'''
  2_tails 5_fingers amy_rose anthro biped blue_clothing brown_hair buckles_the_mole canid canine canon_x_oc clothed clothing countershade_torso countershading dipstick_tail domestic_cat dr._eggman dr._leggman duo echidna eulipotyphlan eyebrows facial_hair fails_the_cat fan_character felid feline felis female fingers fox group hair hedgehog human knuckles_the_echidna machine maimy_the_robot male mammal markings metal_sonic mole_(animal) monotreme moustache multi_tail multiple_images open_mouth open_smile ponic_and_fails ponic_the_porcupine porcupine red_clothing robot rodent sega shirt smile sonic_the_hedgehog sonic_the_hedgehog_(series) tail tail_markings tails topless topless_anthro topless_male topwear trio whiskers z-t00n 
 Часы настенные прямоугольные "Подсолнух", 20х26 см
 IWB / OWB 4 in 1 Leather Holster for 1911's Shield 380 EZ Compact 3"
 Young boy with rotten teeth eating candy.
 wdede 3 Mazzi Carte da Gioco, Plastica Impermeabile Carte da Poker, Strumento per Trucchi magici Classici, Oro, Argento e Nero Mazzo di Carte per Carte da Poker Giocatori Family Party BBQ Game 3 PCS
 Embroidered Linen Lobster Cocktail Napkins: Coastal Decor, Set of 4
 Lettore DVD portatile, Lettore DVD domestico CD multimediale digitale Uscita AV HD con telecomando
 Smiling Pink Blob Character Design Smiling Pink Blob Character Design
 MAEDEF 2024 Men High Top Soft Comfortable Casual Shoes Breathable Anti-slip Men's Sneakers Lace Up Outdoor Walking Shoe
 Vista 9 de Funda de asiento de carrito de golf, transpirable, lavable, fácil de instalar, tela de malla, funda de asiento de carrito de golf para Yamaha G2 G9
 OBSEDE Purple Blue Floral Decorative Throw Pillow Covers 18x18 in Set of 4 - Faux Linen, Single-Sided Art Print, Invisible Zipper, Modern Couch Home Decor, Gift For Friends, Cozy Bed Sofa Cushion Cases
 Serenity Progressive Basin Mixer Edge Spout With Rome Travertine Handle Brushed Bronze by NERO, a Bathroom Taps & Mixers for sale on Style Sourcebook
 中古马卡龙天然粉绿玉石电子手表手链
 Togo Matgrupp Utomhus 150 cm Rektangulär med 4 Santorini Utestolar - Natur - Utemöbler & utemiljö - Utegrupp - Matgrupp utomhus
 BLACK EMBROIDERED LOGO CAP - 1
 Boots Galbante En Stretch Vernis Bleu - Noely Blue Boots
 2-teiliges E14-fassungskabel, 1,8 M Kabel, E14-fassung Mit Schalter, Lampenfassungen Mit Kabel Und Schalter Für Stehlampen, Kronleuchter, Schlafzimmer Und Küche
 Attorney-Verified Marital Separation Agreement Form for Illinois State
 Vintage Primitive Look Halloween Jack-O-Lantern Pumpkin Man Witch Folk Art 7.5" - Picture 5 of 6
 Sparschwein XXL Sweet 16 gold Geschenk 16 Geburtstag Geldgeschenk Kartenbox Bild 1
'''
*Task prompt*. Leave out every line ahead of the one containing "Togo Matgrupp Utomhus" and print the rest of the listing exactly.

*Reply to the exercise*.
 Togo Matgrupp Utomhus 150 cm Rektangulär med 4 Santorini Utestolar - Natur - Utemöbler & utemiljö - Utegrupp - Matgrupp utomhus
 BLACK EMBROIDERED LOGO CAP - 1
 Boots Galbante En Stretch Vernis Bleu - Noely Blue Boots
 2-teiliges E14-fassungskabel, 1,8 M Kabel, E14-fassung Mit Schalter, Lampenfassungen Mit Kabel Und Schalter Für Stehlampen, Kronleuchter, Schlafzimmer Und Küche
 Attorney-Verified Marital Separation Agreement Form for Illinois State
 Vintage Primitive Look Halloween Jack-O-Lantern Pumpkin Man Witch Folk Art 7.5" - Picture 5 of 6
 Sparschwein XXL Sweet 16 gold Geschenk 16 Geburtstag Geldgeschenk Kartenbox Bild 1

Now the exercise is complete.